Build steps are given in root's github readme. The build goes smoothly with one modification: once you're in root's cmake build directory, the build command is cmake .. instead of cmake ../root.

The build takes roughly 30 minutes. Afterwards, if you type root and end up in the interpreter, exit by typing '.q'.

Be sure to source bin/thisroot.sh (inside the build directory). If you don't want to add it to your shell RC, source it in the shell you plan to do MadAnalysis5 work.

MadAnalysis 5

Once root's environment variables are properly set and you extract the MadAnalysis5 (MA5) tarball, installation of MA5 and associated modules proceeds without a hitch. Simply follow lemouth's instructions in the introductory post: ./bin/ma5, ma5> install delphes, ma5> install PAD.

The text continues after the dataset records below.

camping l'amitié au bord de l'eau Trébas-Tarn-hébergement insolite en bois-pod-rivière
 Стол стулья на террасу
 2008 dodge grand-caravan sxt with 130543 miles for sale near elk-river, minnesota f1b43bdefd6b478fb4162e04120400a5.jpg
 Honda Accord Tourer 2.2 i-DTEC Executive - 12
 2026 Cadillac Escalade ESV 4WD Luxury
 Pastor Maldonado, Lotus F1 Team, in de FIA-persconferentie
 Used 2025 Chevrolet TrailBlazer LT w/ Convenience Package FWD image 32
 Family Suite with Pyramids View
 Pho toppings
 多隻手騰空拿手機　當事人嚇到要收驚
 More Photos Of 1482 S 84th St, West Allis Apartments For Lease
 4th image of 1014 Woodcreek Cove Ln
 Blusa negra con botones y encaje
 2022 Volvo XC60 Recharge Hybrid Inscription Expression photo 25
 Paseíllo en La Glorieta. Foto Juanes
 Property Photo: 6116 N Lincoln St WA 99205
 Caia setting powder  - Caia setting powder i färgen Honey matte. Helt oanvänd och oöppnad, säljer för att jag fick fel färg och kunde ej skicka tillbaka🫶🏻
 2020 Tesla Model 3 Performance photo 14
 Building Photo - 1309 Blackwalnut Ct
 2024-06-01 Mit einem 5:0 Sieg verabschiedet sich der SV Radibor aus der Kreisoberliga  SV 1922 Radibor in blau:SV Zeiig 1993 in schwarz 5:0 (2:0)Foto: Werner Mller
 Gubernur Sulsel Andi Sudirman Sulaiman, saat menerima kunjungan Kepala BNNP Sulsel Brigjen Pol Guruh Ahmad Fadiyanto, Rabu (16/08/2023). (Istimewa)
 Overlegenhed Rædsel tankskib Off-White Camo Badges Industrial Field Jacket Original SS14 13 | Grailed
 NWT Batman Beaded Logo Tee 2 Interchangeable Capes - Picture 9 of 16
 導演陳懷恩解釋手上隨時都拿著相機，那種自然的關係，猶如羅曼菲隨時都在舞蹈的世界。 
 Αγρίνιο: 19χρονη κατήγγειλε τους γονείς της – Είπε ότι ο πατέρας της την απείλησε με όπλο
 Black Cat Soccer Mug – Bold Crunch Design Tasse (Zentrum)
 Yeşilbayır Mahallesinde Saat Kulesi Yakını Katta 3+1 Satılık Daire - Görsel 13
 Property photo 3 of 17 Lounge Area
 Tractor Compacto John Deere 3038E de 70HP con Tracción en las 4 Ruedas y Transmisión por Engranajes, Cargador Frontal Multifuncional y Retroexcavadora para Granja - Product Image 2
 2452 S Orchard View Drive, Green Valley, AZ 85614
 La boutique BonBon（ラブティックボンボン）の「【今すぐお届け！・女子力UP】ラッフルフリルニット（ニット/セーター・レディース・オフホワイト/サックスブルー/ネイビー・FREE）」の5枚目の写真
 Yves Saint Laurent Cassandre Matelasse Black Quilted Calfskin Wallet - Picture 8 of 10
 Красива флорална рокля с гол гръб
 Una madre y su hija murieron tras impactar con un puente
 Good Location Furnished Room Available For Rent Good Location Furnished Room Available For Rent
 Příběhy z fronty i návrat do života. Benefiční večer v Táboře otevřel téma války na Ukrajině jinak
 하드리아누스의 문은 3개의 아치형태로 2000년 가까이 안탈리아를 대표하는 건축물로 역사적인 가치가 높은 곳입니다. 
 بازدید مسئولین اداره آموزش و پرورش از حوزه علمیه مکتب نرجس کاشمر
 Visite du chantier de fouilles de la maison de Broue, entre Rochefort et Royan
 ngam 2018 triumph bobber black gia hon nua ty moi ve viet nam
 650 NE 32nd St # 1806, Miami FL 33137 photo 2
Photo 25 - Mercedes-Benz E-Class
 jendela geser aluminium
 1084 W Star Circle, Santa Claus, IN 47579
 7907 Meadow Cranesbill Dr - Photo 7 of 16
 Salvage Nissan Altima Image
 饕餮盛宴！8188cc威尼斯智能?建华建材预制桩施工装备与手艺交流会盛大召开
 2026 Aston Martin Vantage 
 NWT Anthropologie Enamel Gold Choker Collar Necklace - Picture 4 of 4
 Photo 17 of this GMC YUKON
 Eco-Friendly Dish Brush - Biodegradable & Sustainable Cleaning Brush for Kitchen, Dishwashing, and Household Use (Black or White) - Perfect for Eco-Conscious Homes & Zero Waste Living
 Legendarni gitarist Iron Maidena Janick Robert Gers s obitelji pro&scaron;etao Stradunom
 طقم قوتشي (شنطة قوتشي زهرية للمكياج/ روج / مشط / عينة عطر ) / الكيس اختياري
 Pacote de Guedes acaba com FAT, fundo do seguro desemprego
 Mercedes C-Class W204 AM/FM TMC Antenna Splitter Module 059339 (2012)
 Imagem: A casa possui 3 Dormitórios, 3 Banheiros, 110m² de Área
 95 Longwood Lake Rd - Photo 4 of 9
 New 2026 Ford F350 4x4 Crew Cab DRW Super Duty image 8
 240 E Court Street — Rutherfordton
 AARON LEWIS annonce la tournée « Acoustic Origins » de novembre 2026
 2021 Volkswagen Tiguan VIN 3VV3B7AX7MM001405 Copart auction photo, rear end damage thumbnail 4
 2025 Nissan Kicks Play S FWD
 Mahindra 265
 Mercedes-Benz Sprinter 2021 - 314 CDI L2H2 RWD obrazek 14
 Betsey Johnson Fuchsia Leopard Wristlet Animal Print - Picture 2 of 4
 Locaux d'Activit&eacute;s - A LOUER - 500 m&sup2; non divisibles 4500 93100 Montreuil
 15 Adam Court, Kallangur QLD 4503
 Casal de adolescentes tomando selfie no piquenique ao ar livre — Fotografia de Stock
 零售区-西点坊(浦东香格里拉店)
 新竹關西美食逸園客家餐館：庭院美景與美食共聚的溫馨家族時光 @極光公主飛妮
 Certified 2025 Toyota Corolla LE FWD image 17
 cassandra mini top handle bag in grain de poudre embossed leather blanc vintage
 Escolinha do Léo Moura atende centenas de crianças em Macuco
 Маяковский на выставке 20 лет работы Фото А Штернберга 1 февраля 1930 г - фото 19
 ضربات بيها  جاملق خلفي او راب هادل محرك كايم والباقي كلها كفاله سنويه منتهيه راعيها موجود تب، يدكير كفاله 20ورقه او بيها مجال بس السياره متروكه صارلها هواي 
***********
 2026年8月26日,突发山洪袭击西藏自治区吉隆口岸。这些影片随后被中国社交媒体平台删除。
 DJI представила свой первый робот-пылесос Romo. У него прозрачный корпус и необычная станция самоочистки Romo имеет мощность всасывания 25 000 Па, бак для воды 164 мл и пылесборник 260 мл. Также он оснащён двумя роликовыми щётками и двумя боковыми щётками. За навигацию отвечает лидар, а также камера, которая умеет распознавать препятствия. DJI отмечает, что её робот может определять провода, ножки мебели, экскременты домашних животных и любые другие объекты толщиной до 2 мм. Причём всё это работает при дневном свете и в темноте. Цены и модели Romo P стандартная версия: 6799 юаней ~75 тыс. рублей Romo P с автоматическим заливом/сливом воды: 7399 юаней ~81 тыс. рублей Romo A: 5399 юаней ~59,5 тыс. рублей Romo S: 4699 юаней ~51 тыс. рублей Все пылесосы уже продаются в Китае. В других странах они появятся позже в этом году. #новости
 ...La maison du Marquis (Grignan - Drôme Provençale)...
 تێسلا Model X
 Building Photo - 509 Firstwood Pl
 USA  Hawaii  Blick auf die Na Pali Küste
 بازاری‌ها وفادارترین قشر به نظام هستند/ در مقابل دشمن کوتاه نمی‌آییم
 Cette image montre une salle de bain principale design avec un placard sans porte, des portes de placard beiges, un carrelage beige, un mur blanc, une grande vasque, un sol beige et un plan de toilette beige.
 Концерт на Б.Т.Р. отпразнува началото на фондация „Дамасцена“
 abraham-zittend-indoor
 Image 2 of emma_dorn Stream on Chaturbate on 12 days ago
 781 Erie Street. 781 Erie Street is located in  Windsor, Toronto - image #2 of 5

If you're using MA5's Github Repo, you'll need to create the tools/SampleAnalyzer/Bin directory. If you do not, the ./bin/ma5 interpreter will fail and complain about a linker errer. For the fix, see this commit in my repo.

Note: There's no need to install homebrew GCC on macOS as the clang shim installed on macOS is sufficient. The command gcc exists on macOS, but /usr/bin/gcc on Apple platforms is actually clang in disguise. Clang's command line arguments are nearly identical to gcc's and /usr/bin/gcc is a tool shim (mentioned in the xcode-select man pages).

Second Exercise (ex1a)

The second exercise covers writing MadAnalysis5 code to count the number of objects in an event. As this is the first time diving into code, I'd recommend using Universal Ctags or some clang-based semantic analysis for code introspection. Note that some of the C++ files in MA5 have a .cc extension.

Per lemouth's article, I used ./bin/ma5 -E ex1a ex1a_iauns to generate my example ex1a directory.

Each recorded event is passed into the Execute function of our analysis code. The parameter event of type EventFormat contains all event data. Its definition is found in $(MA5_root)/tools/SampleAnalyzer/Commons/DataFormat/EventFormat.h. For this exercise we'll be interacting exclusively with RecEventFormat structure through the rec() accessor on EventFormat. Similarly, RecEventFormat is defined in $(MA5_root)/tools/SampleAnalyzer/Commons/DataFormat/RecEventFormat.h.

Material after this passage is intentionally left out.